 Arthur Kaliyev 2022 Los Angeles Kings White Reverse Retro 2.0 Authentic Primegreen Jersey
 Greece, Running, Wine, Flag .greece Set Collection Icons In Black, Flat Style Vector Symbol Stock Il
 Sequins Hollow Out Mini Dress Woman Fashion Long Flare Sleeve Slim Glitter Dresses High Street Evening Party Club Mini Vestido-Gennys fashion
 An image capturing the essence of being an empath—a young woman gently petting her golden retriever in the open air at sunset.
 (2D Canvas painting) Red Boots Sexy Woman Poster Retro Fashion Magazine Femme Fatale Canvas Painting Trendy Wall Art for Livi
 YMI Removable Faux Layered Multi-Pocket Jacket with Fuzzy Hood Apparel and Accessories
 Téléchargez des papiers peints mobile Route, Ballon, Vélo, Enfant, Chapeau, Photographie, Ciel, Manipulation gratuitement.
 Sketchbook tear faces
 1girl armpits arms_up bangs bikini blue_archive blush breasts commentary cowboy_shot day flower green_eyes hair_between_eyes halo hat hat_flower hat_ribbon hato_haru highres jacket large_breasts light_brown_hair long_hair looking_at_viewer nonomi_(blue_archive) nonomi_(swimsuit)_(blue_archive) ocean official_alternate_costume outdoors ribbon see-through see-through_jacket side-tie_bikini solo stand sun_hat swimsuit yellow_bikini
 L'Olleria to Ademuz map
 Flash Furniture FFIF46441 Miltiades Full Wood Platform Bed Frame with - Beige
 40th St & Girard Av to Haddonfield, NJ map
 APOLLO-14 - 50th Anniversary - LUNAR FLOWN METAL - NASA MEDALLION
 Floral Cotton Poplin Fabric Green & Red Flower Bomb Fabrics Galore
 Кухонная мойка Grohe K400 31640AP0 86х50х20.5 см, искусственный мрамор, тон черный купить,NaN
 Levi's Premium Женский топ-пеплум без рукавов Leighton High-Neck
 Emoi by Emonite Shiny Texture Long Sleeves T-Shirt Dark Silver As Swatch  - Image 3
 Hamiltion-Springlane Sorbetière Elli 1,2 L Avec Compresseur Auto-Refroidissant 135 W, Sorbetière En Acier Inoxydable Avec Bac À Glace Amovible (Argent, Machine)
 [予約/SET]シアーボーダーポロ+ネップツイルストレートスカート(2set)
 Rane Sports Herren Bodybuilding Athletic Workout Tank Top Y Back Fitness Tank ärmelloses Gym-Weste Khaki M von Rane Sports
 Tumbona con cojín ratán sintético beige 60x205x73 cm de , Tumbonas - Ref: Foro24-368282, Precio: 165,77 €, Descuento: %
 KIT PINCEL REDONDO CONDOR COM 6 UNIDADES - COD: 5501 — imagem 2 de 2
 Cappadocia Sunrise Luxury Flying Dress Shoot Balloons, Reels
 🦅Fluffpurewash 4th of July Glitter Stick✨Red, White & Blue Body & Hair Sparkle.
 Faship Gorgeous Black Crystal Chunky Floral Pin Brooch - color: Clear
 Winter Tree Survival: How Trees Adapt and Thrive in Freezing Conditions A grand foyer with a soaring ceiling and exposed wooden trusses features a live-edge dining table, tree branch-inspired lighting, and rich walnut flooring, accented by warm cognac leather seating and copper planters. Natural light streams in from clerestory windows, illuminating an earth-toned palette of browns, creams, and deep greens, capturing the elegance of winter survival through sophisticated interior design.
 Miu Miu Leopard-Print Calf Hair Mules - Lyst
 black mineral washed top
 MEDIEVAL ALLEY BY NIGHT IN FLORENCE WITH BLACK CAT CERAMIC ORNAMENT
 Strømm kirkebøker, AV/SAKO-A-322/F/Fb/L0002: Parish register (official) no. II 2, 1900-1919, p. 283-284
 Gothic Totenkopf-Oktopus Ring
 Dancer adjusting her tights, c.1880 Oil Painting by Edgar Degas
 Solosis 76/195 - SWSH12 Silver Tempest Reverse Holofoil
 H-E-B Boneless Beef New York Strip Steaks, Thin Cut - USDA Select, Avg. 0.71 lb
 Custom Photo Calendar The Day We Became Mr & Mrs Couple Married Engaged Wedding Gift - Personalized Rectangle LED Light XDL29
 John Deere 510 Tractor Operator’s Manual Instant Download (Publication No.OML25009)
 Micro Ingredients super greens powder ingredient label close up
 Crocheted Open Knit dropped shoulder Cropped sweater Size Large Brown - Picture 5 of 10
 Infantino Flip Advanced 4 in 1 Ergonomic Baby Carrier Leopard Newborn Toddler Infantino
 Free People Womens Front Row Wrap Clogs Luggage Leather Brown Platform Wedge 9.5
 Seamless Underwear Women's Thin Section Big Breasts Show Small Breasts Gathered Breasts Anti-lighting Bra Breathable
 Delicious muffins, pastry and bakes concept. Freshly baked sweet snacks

◆ ◆ ◆ ◆ ◆ ◆ ◆

__DIRECTIONS__:
Determine the number of lines in the data that include the word "Thin", and provide that number without comment.

__SOLUTION__:
2